The lead pack runs through the fog in Sacramento during the 32nd annual California International Marathon last December. Sacramento Bee file

No one wants runners at risk of getting hit by a train, but road races have crossed Union Pacific Railroad tracks in Sacramento without serious incident for years.

Despite that long record of cooperation, the nation’s largest railroad is now getting much stricter about giving permission to race organizers.

For the first time, it nixed the half-marathon of the Kaiser Permanente Women’s Fitness Festival in June and forced the 5K to be rerouted, as Curtis Tate of the McClatchy Washington Bureau reported. Organizers of the California International Marathon in December fear they’ll be chopped next. Last year, UP didn’t give them the all-clear until a month before 6,000 runners crossed the tracks on L Street on the way to the finish line at the state Capitol.

If Union Pacific truly wants to be a good community partner, it needs to work harder to find a way to allow these road races, which are important to area runners and to the local economy. The railroad has parallel tracks that bypass midtown Sacramento, though it says it does not reroute trains for special events.

Scott Abbott, executive director of the Sacramento Running Association, which puts on the marathon, says it is working with Union Pacific on the race and may partner with the railroad to educate people about track safety.
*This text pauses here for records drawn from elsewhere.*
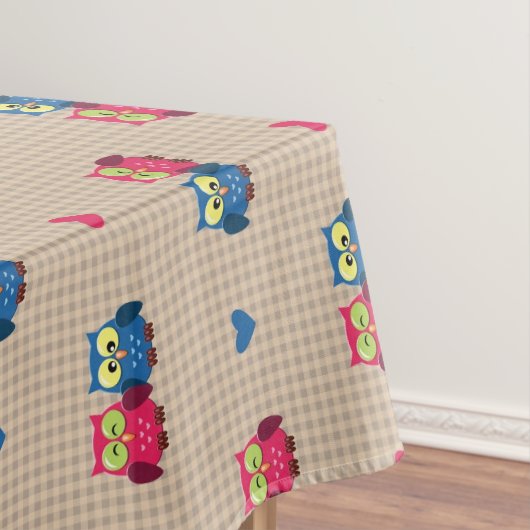 Überprüftes Muster mit Liebeeulen Tischdecke (Beispiel)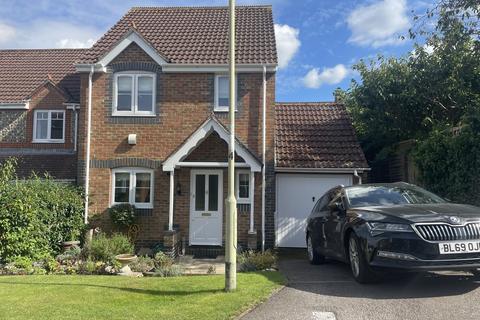 Aldbourne Close, Hungerford 3 bed detached house for sale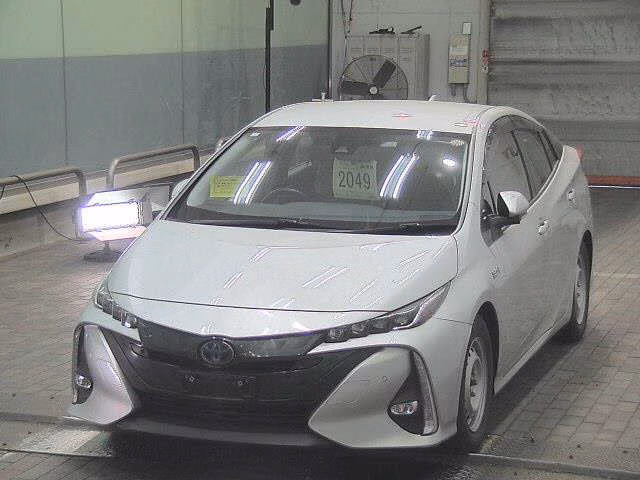 TOYOTA PRIUS PHV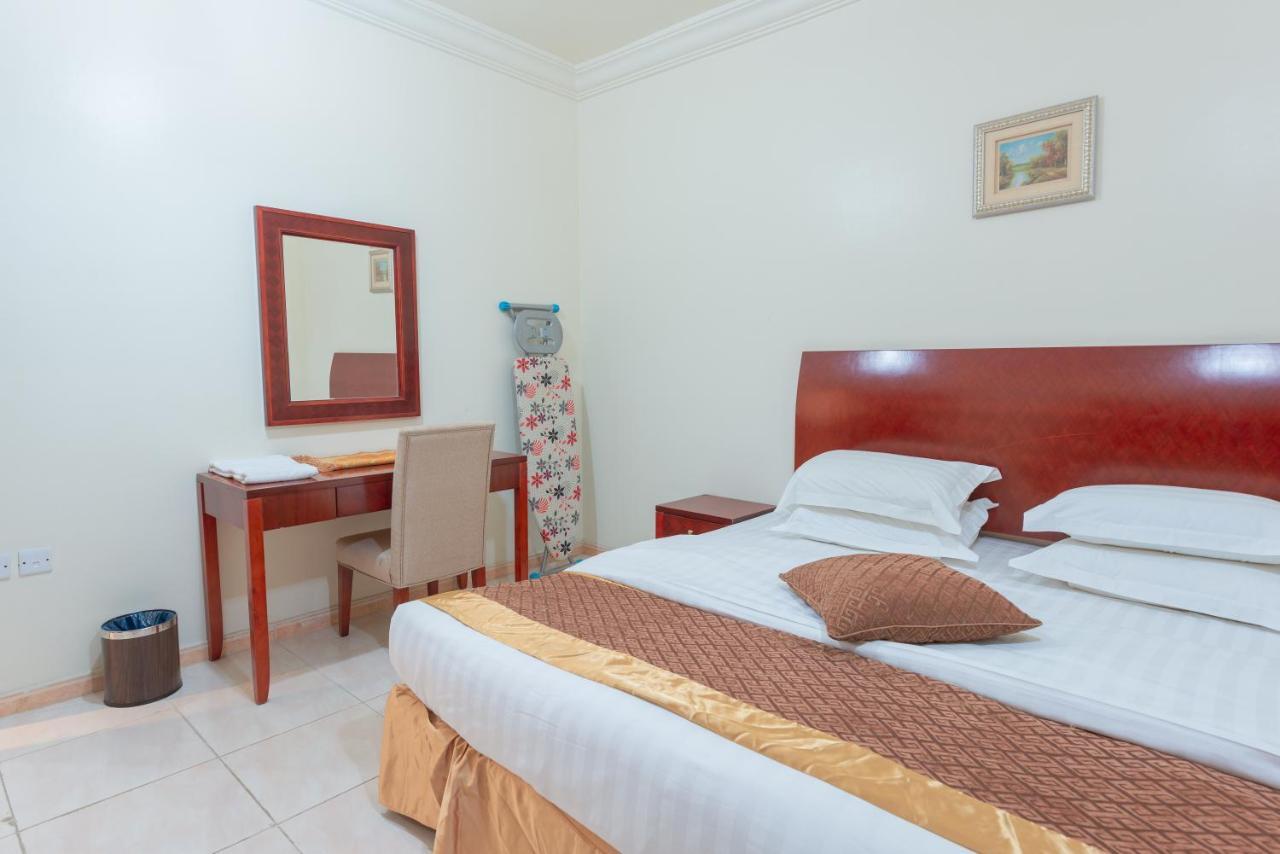 Praha Hotel Jeddah Luaran gambar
In an email response Tuesday, a UP spokesman told a Sacramento Bee editorial board member that it is giving the marathon request “serious consideration,” and makes such decisions based on safety and on a case-by-case basis.

It’s no coincidence, however, that safety is a bigger issue after the horrific incident in Midland, Texas, in November 2012, when a Union Pacific train plowed into a veterans parade float, killing four vets. Though federal safety officials cleared the railroad, it was sued by victims’ survivors.

But that situation is completely different. Parade organizers never informed Union Pacific of their route. Here, races have been in place for years and approvals were routine until recently.

Besides, when it comes to safety, UP has bigger worries.

UP trains loaded with crude oil are rumbling through the Sacramento region, and the railroad wants to send two 50-car oil trains a day through Sacramento to the Valero refinery in Benicia. The UP spokesman said the company complies with state law requiring updates every three months on where trains carrying hazardous materials have been running, and that it regularly notifies first responders of such shipments.

Still, Sacramento and Davis leaders are right to insist that an updated environmental study for the Benicia plan require advance notice to emergency responders and that these trains be banned from parking in urban areas.

The danger posed by oil trains seems far more urgent. Safety should always come first, but it doesn’t have to be sacrificed to allow these races.